The primacy of information in all aspects of life requires a new understanding of aesthetic values. The nature and scale of this change, from an industrial to information driven world, has deep implications, already reflected in visual design. New realities have transformed aesthetic systems, so it’s useful to consider a dataesthetic perspective.
Form and function follow information. Information easily accommodates both as variables, but neither exist without data. Data drives all functionality: from cars to George Foreman grills. Information’s value today is reflected in its price… it’s so expensive that it’s frequently marketed with cheap/free hardware (think cell phones)! Many households spend more on cable tv and telephones (including cell lines) than any perishable other than groceries!
Modularity of data implies modular functionality as well as form. Cut/paste/copy. Fold/spindle/mutilate. This is the most common technique and feature of new media. New media characteristics implied: numeric core, modularity, variability, automation, and transcoding. Modularity is a cardinal virtue of digital media objects, but may be even more important for tools. Modular design is efficient, taking less time to deliver, or reserving more time to address aesthetic balance.
The screen is primary in a windowed reality, where any surface can be the canvas (tactile,electronic, ink, paint; all can be digitally applied to any facade). Screen and type size, shape, color and placement are ideally determined by the data. A screen is ideally a collection of scalable, modular elements, referenced as fields in relational databases that can be transcoded in whole or in part to any application.
More from less. Information density is so great that individuals cannot possibly manage it in any direct, unmediated manner. The best designs deliver the most information in the shortest amount of time (time being a cardinal value). Authors aim to distill a narrative or conceptual framework into a database with a scalable delivery vehicle. Compiling and delivering many (dissociated) separate works in a unified, harmonious package is a design task requiring balance and harmony. Collaboration can be ad-hoc or even oppositional!

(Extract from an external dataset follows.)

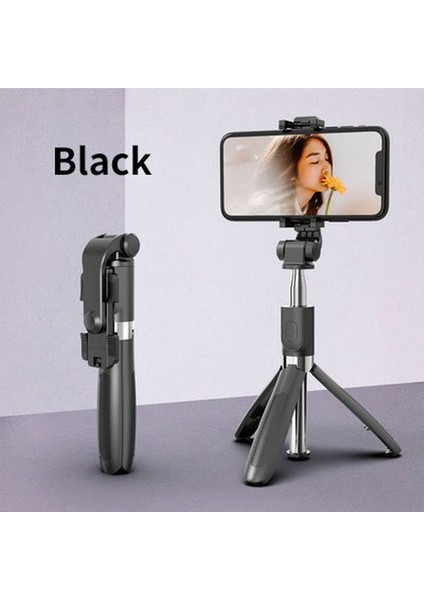 Siyah Pınzheng Bluetooth Özçekim Çubuğu Tripod Uzaktan Kumanda ile Katlanabilir Monopod Xiaomi iPhone Akıllı Telefonlar Için Kablosuz Özçekim Çubuğu (Yurt Dışından)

Binary relationships and hierarchical menus reflect the native structure of our tools (databases and file structures). Design must harmonize our need for play, desire for balance with the nature of our tools to make the best of both, and offset the worst aspects of each.
Discrete channels of communication expand understanding. Just as one cannot experience music or art through words, one cannot capture the richness of life with video or pictures alone. The ready ability to manipulate reality in sophisticated, and cheap, ways require very rich mediated interactions to feel satisfying or remotely comfortable.
Mass-customization of information delivery and display maximizes attention, understanding and data density. Dataesthetic design considers the user’s identity and goals, in relation to the content and previous users, to determine how and what data will be presented.
Sharing beats controlling. Exclusivity is over-rated in a hyper-social world. Limiting access and usage of a work, the controllers limit it’s ultimate value, both long and short term. The opportunity-cost in the social and branding realm are so great for any attempt to control a mark, melody or line of type is enormous; when people don’t feel free to borrow and share your work you are socially shunned. More: all social relevance and benefits flow from sharing, not “like”ing. You can get/buy like’s in bulk, but legitimate shares in your demographic cost a lot more (and often involve user-trickery).